> **Records for the task**:
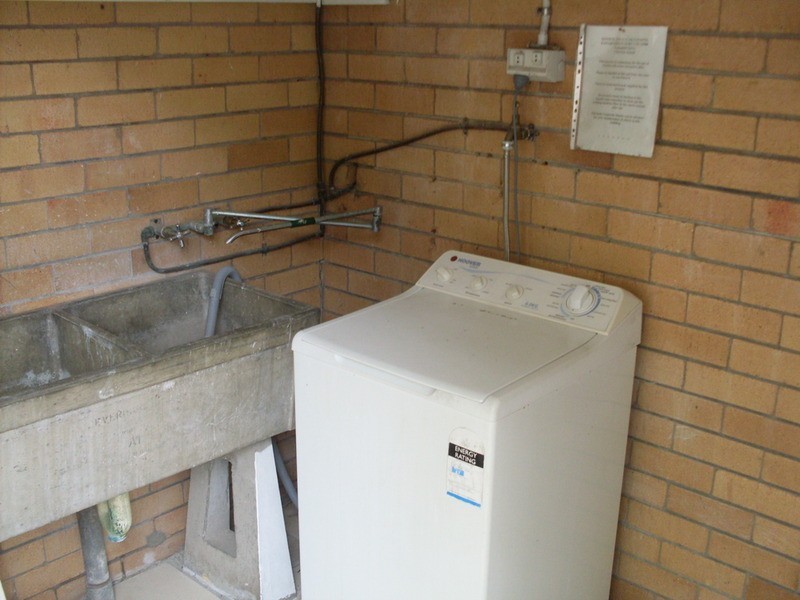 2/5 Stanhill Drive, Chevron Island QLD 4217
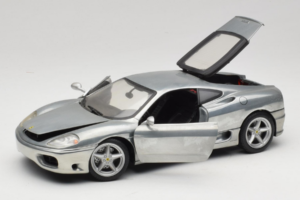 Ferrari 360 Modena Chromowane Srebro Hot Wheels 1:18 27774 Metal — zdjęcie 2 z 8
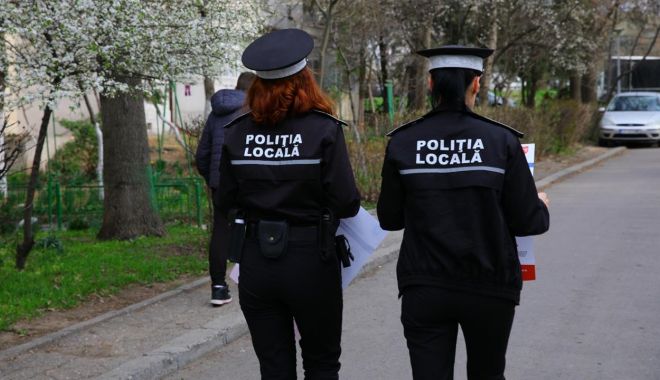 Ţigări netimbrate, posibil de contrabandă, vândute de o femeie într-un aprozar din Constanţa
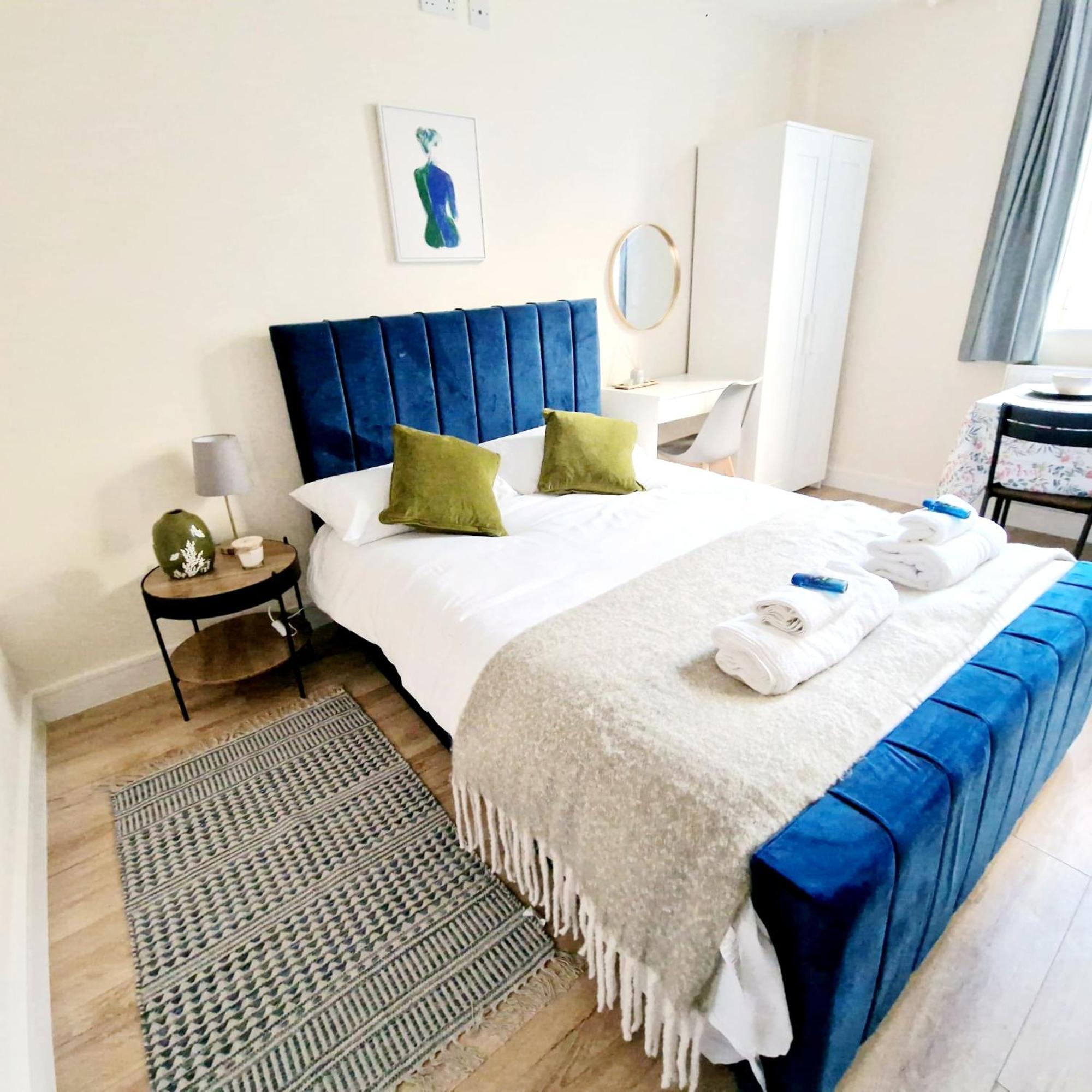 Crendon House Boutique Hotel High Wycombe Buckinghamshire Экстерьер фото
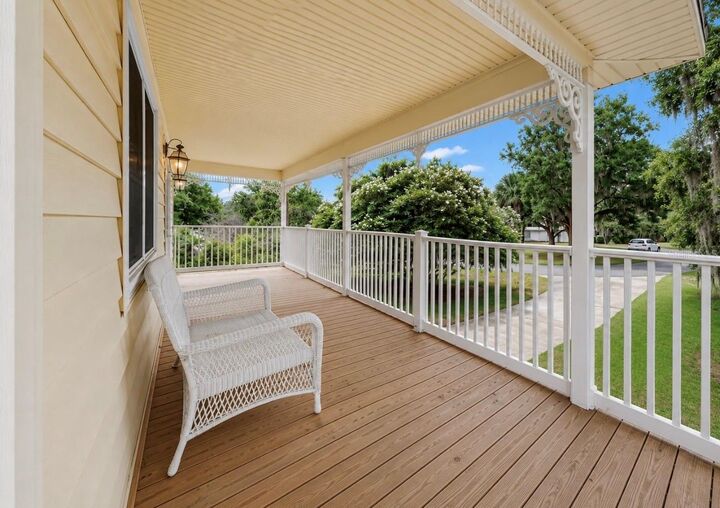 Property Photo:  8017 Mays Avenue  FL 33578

* * *

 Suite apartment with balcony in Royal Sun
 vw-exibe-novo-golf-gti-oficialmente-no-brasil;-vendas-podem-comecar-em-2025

--

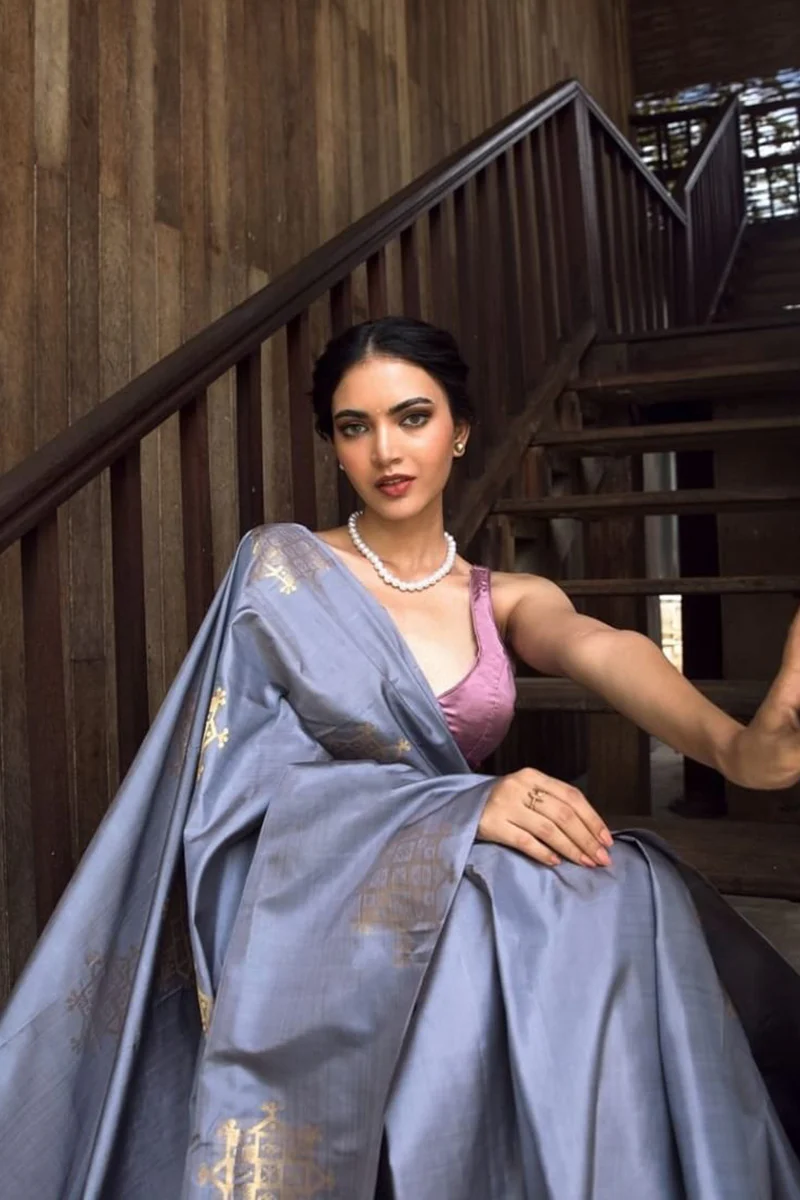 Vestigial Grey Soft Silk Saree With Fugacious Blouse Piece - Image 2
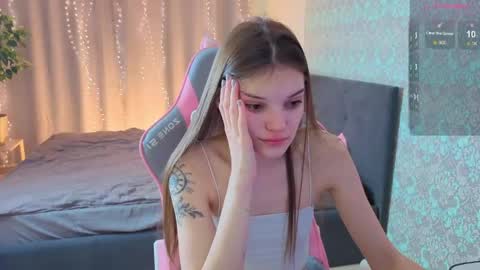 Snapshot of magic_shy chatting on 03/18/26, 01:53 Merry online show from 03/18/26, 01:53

> **Problem description**:
Going by the entries above, repeat exactly the lines that start at the line with "2/5 Stanhill Drive, Chevron Island QLD 4217" and go on through the line with "8017 Mays Avenue". Pictures are not part of the copy.

> **Solution to this exercise**:
 2/5 Stanhill Drive, Chevron Island QLD 4217
 Ferrari 360 Modena Chromowane Srebro Hot Wheels 1:18 27774 Metal — zdjęcie 2 z 8
 Ţigări netimbrate, posibil de contrabandă, vândute de o femeie într-un aprozar din Constanţa
 Crendon House Boutique Hotel High Wycombe Buckinghamshire Экстерьер фото
 Property Photo:  8017 Mays Avenue  FL 33578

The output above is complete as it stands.